POLITICA
Insólito momento: por un camillero Brown de Adrogué y Dock Sud terminaron a las piñas

Momento insólito se vivió este domingo en el Ascenso del Fútbol Argentino: por un camillero el partido entre Brown de Adrogué y Dock Sud terminó a las piñas. Sin embargo, a pesar de los incidentes en el Estadio Lorenzo Arandilla, no hubo expulsados.
¿Qué fue lo que sucedió? Al jugador del Docke Franco Meza lo sacaron en camilla en tiempo de descuento pero no lo trataron bien. Mientras la televisión oficial mostraba la repetición de cómo tiraron al futbolista una vez fuera de la línea de cal, desde el campo de juego el cronista avisó: “Hay piñas”.

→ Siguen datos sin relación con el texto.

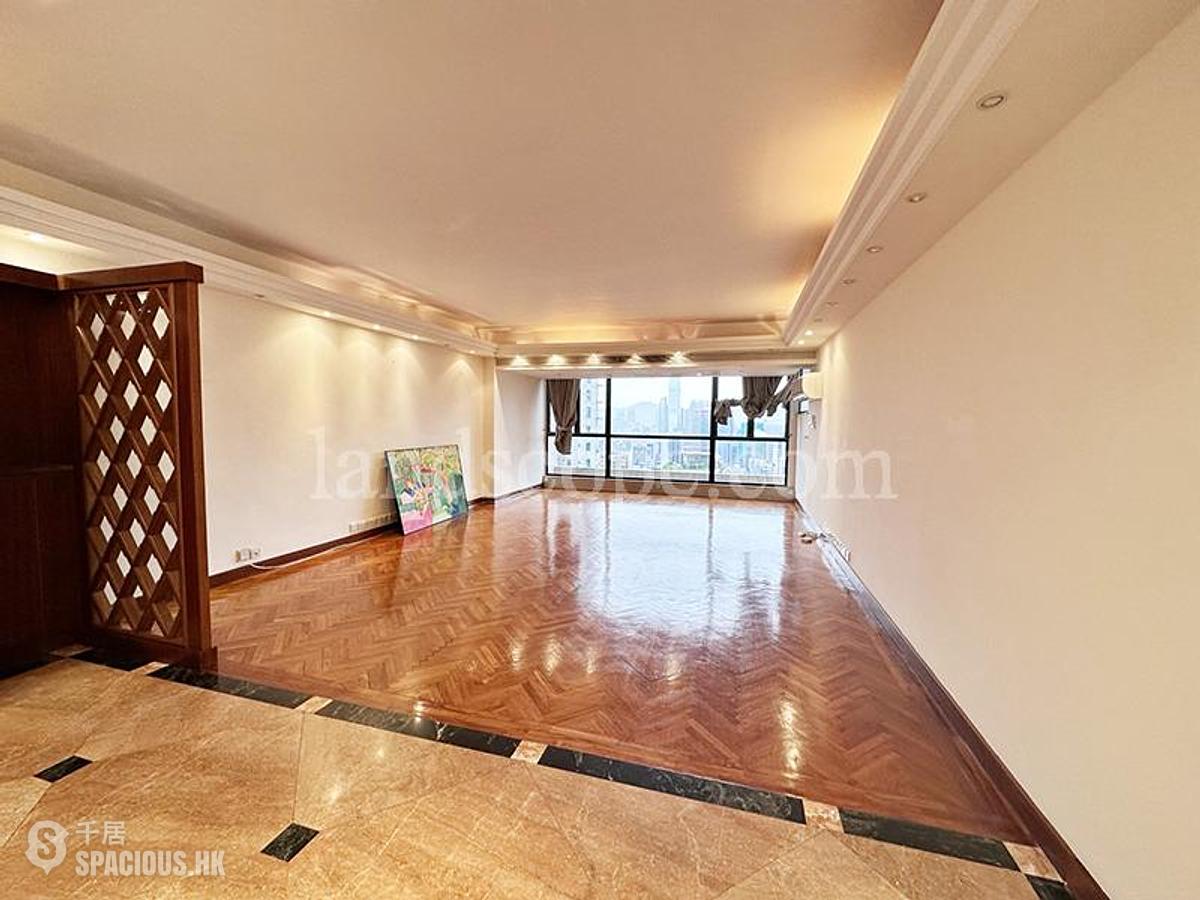 Mid Levels West - Savoy Court 01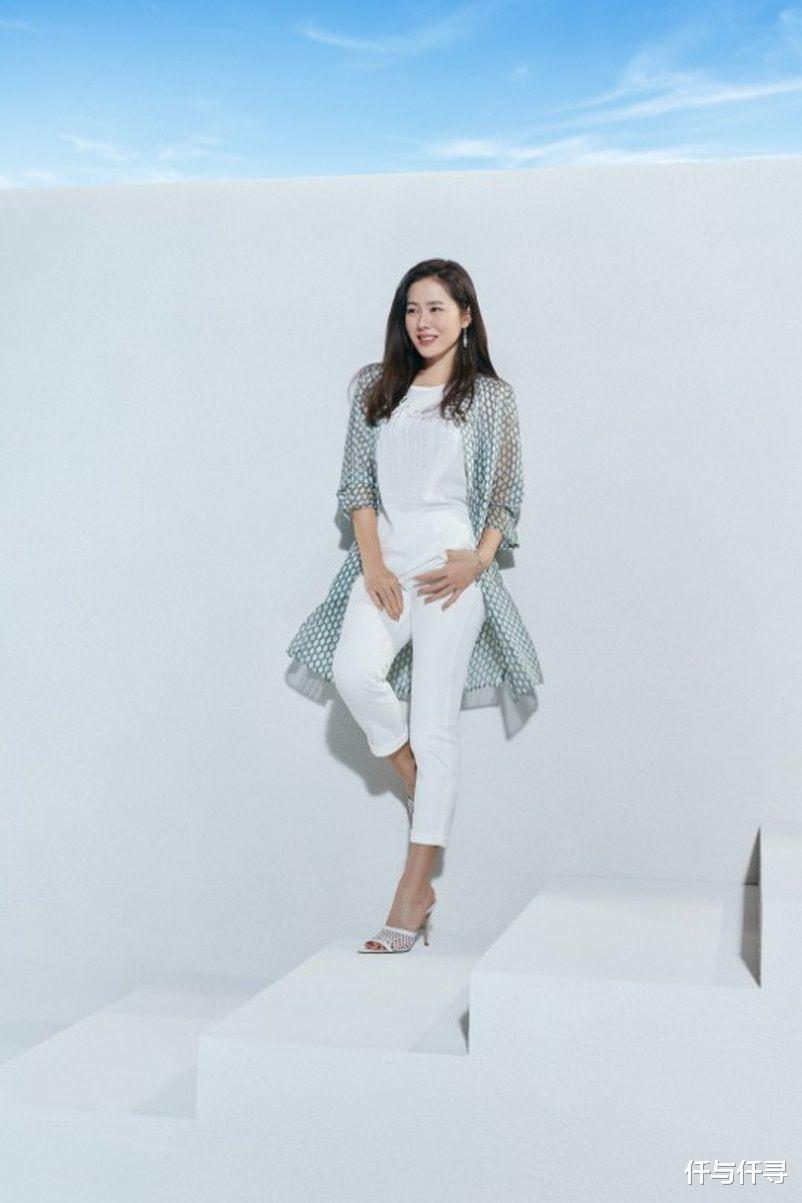 孙艺珍|情侣各有各忙，孙艺珍认恋后即拍广告，玄彬型爆花絮片曝光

Las piñas volaron desde ambos planteles cerca de los bancos de suplentes y lógicamente los auxiliares también terminaron en el lío. El jefe de seguridad de Dock Sud, uno de los protagonistas, hasta se cruzó con la propia policía del operativo.
¡A LAS PIÑAS EN ADROGUÉ! 🔥
▶ Uno de los asistentes soltó la camilla y dejó que el jugador Franco Meza cayera al suelo, luego comenzaron los golpes entre ambos planteles.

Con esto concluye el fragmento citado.